Exploring Ohiopyle State Park in Pennsylvania’s Laurel Highlands
By Anna Weltz
The first time I heard the word “Ohiopyle,” I immediately wanted to learn more. What is it? Where is it? Upon some research, I learned the name Ohiopyle or “Ohiopehelle” comes from a combination of Native American words which mean “white, frothy water.” Say the word “Ohiopyle” to any outdoor enthusiast on the East Coast and they will immediately tell you about the tiny town and the big adventures found there.
Upon arrival in Ohiopyle in the heart of Pennsylvania’s Laurel Highlands, you can immediately see and hear the town’s namesake. The rippling waters of the Youghiogheny River flow through the center of the park before gathering together, building up power, and then rushing over ancient rock formations, creating powerful frothy white water.
The charismatic town of Ohiopyle and the stunning Ohiopyle State Park have anything and everything adventure seekers could ask for – waterfalls, white water rafting, ice cream, mountain biking, scenic views, kayaking, burgers, camping, hiking, rock climbing, and more.
White Water Rafting
The white frothy waters of the Yough, pronounced “Yawk” by the locals, not only gave this town a name, but an identity. It was here on the Yough in Ohiopyle that East Coast white water rafting was born in the 1960s.
Decades later, the tradition continues with a bevy of options including shorter, lower impact guided rafting tours, as well as the iconic adrenaline rush of the Class IV and V rapids. In town, you will find outfitters who can guide you through the options to select the right adventure for your available time and interest, even if you only have a couple hours and have never paddled a day in your life.
Great Allegheny Passage
You can’t help but notice an abundance of bicycles in Ohiopyle; mounted on the backs of vehicles, in the parking lots, and available for rent. Before becoming a burgeoning adventure town, Ohiopyle was a sleepy lumber town located at the juncture of the Youghiogheny River and several train tracks.
While you can still hear the train whistle and feel it rumble through town, one of those tracks has been repurposed into the Great Allegheny Passage (GAP) rail trail. The GAP as its best known is a spectacular, nearly level trail that meanders through the beautiful Laurel Highlands, connecting Pittsburgh to Cumberland, Maryland. While distance cyclists love to challenge themselves to tackle the entire 150-mile trail, it’s a favorite for families and casual cyclists as well. Many will bring their bikes or rent one in town and peddle to the neighboring trail towns while enjoying the towering trees, fresh air, wildflowers, and even the occasional whitetail deer, red hawk, gray squirrels, and maybe even a river otter.

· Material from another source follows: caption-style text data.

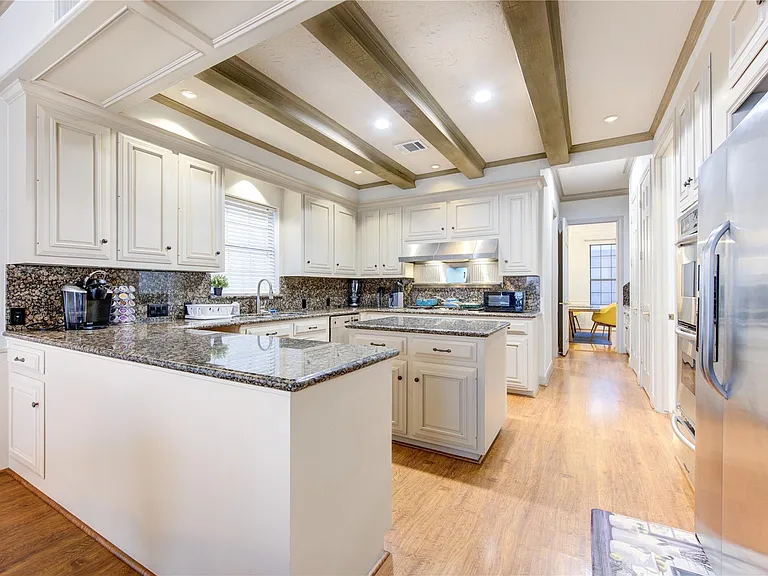2510 Potomac Dr #5 — Photo 14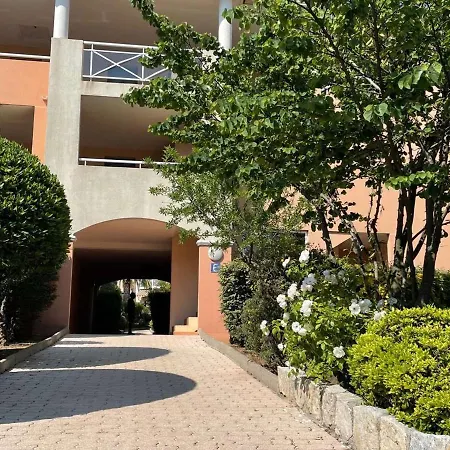 T2 Avec Piscine, 4 Couchages - - Fr-1-226b-161 דירה *
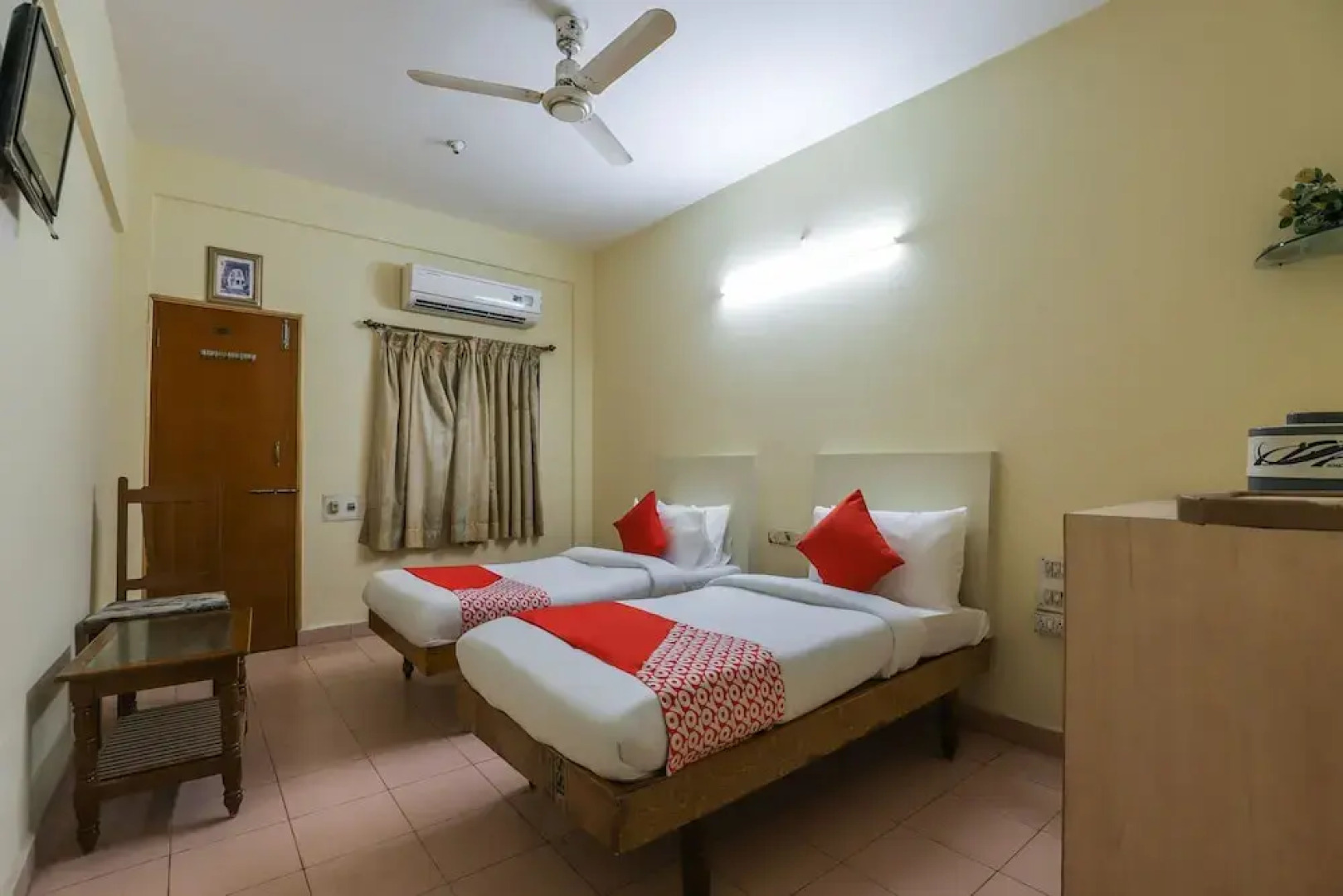 SPOT ON 46801 Hotel Swati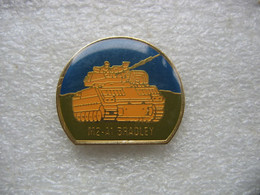 Pin's D'un Char Militaire M2-A1 Bradley - Militaria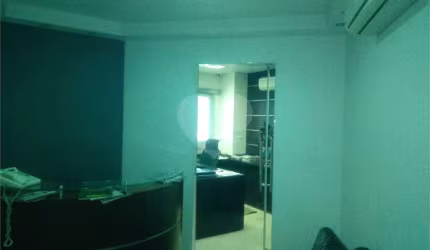Sala comercial à venda na Rua do Bosque, 1589, Barra Funda, São Paulo, 30 m2 por R$ 290.000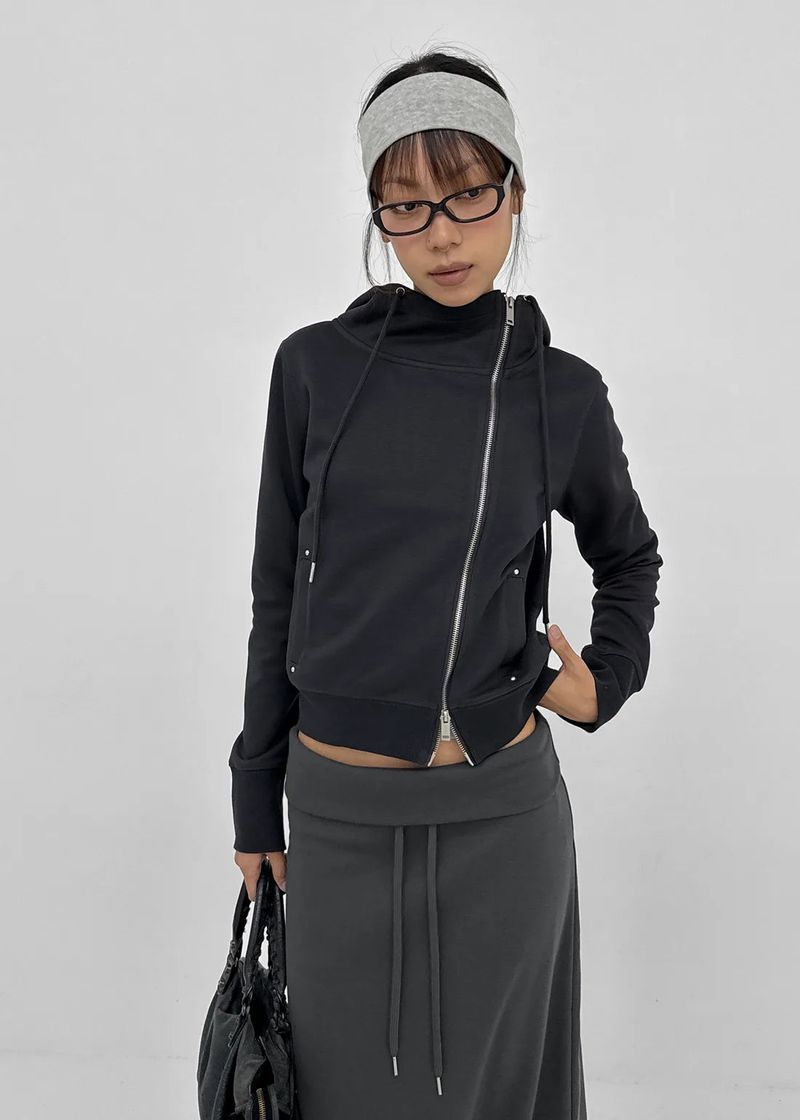 [MADE] Saniang Asymmetrical Rivet Zip-up Hoodie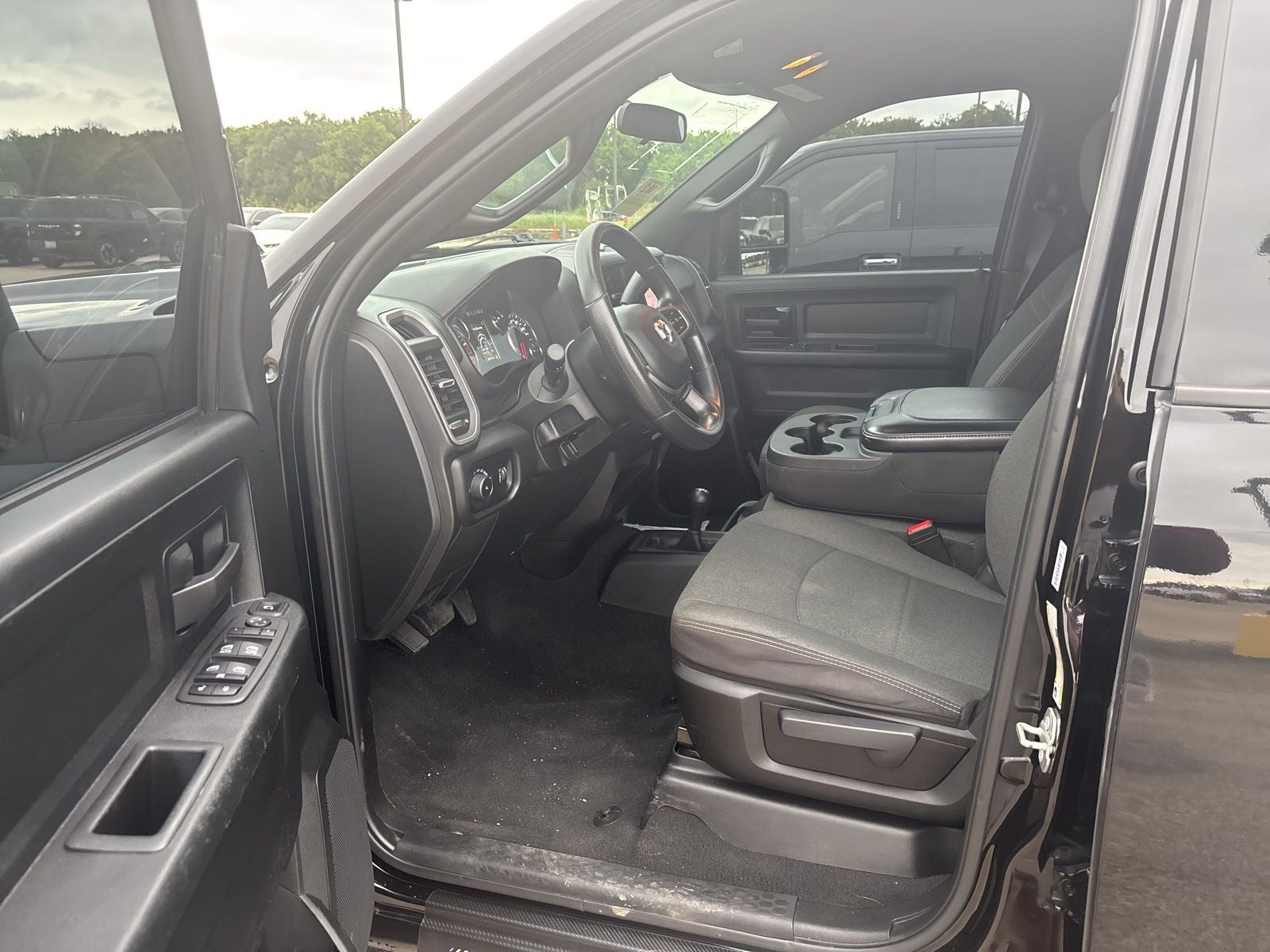 2024 RAM Ram 3500 Tradesman Crew Cab 4x4 8' Box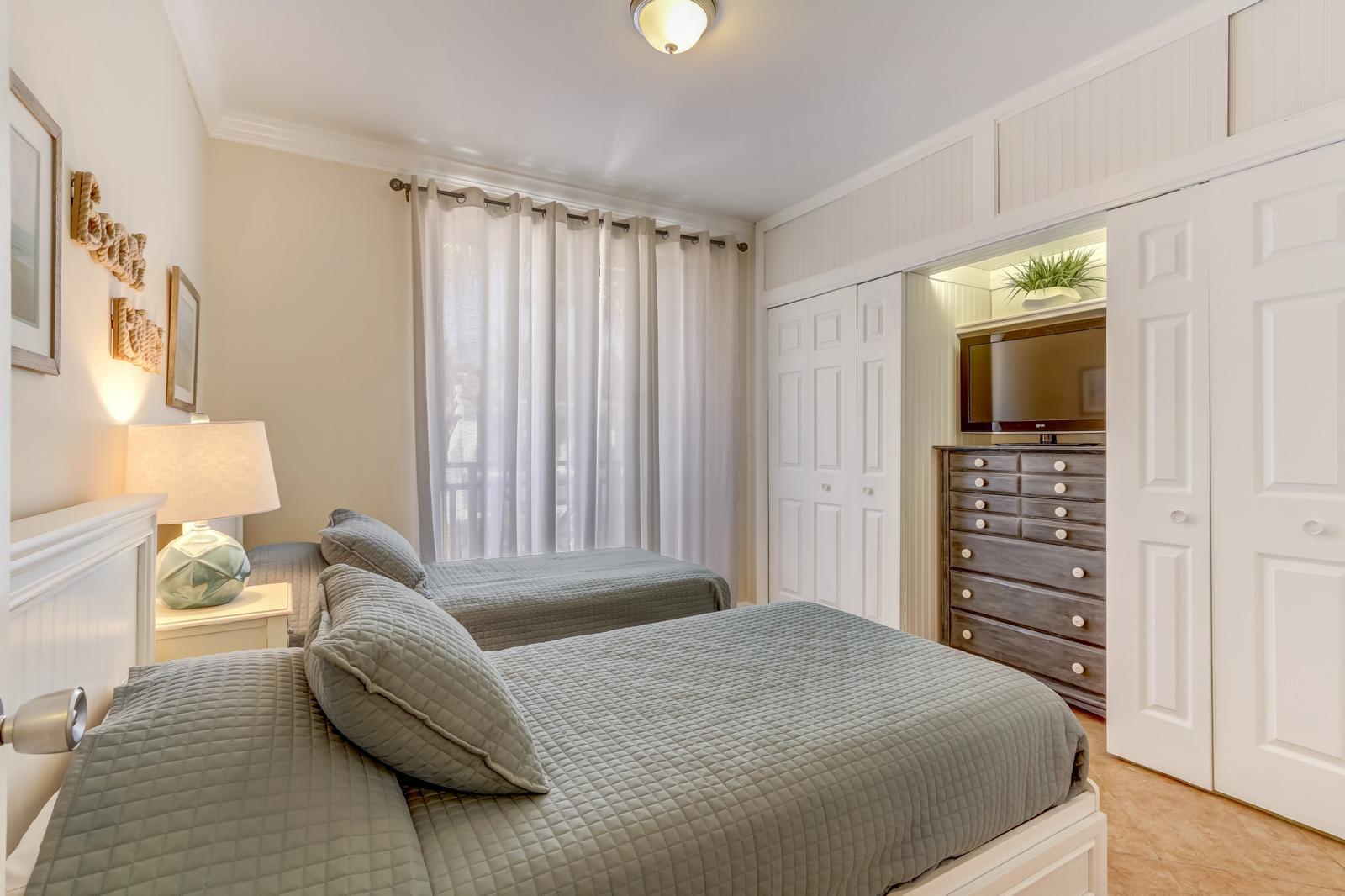 Building Photo - 1604 S Ocean Ln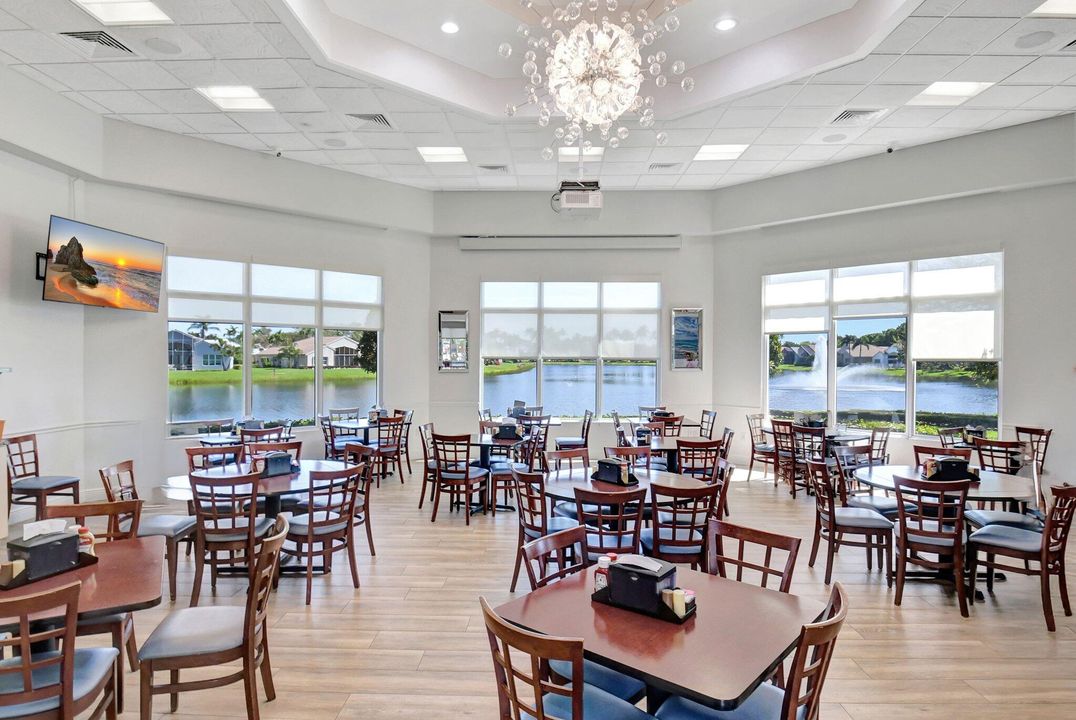 For Sale: $699,000 (3 beds, 2 baths, 2616 Square Feet)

Some of the bikes you’ll encounter in town may even be mud and dirt covered. Chances are their riders have just taken on some of the park’s sought-after trails. The natural landscape of the Laurel Highlands region, in particular Ohiopyle, make it an enticing destination for mountain bikers. Some of the most popular, and challenging trails include Sugarloaf, Baughman, and McCune Trails.
Another gem in Ohiopyle’s crown is certainly its collection of waterfalls, five in all. The first and most prominent is Ohiopyle Falls, which not only provided the town’s namesake, but also challenged a young George Washington in 1754 as he charted a path to present-day Pittsburgh.
The 30-foot bridal veil of Cucumber Falls offers an up-close and even a behind-the-scenes waterfall view, as visitors with steady feet can traverse behind the falls for a unique view.
Grab a trail map and head for Meadow Run Trail, where you can set your sights on two waterfalls. The first you will encounter is Meadow Run Natural Waterslides, a unique geologic formation and a favorite spot to cool off on the summer. Further upstream along the trail you will encounter the cool, crisp waters of the Cascades, and perhaps a fisherman or two.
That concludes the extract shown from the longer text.